Re: Tru64 on GS60E: my DLT drives have disappeared!

Sounds like a hardware issue. Disconnect ALL three devices from bus 1. Run a hwmgr scan component... it should now finish unless there is a scsi bus problem (i.e. termination or something else nasty like that).

If it finishes, attach changer, repeat.
If it finishes, remove changer, attach library box, repeat.

Are there any events in the binary.errlog? If so, what? Should be lots of cam errors and these should give a good indication of what's going on.

Bud
Pieter 't Hart
Honored Contributor

Re: Tru64 on GS60E: my DLT drives have disappeared!

I would go to the library and from the front panel check it's settings.
If for some reason the changer and a drive have returned to a default SCSI-ID (both 0(!)) you get strange responses on this bus.
If so reconfigure the ID's from the front panel.
If you have multiple drives you might disconnect one of them from the bus.

As allready suggested check cables and terminator (replace if you have spare)
you mention a tlx drive so be sure the replacement terminator is a LVD-type.
Rob Leadbeater
Honored Contributor

Re: Tru64 on GS60E: my DLT drives have disappeared!

Hi Matt,

If you look at the output of a "hwmgr show scsi -full" do you see any null devices on the relevant SCSI bus ?

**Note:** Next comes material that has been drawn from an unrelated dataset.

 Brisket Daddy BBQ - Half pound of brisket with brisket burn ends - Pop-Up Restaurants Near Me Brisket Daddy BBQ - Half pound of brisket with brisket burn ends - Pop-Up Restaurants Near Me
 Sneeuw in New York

If so, you may well have to get rid of these with "dsfmgr -R hwid ..." and "hwmgr delete component -id ..."

Hope this helps,

Regards,

Rob
Matt Hearn
Regular Advisor

Re: Tru64 on GS60E: my DLT drives have disappeared!

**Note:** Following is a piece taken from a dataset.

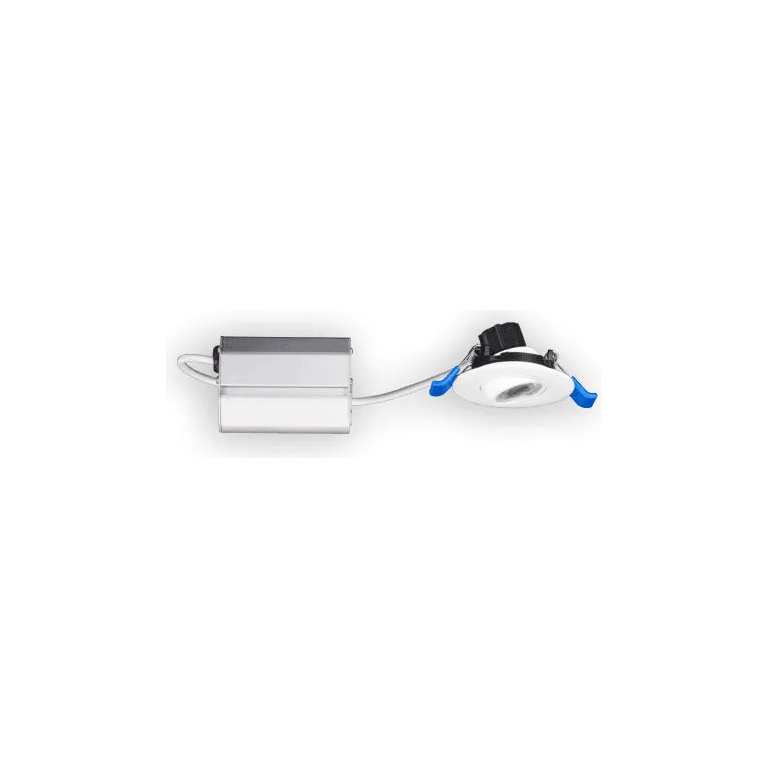 Lotus LED Lights - 2" Eyeball Gimbal LED Recessed Light - LL2G-27K-HO-WH | Montreal Lighting & Hardware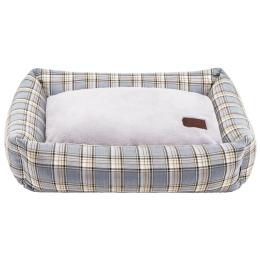 Лежак для тварин Chloes Home Дублін S сірий (CLH4098)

Hey guys; turned out we had a number of hardware problems. The root cause was PROBABLY a scsi cable that's either too long or faulty, or both; the LVD SCSI controller is also bad, although that might be because I had to jiggle the bejebus out of it to replace the cable. :) The server had a spare SCSI card, so we're attached to that with a new, shorter cable, and the drives are there! Thanks for all your help!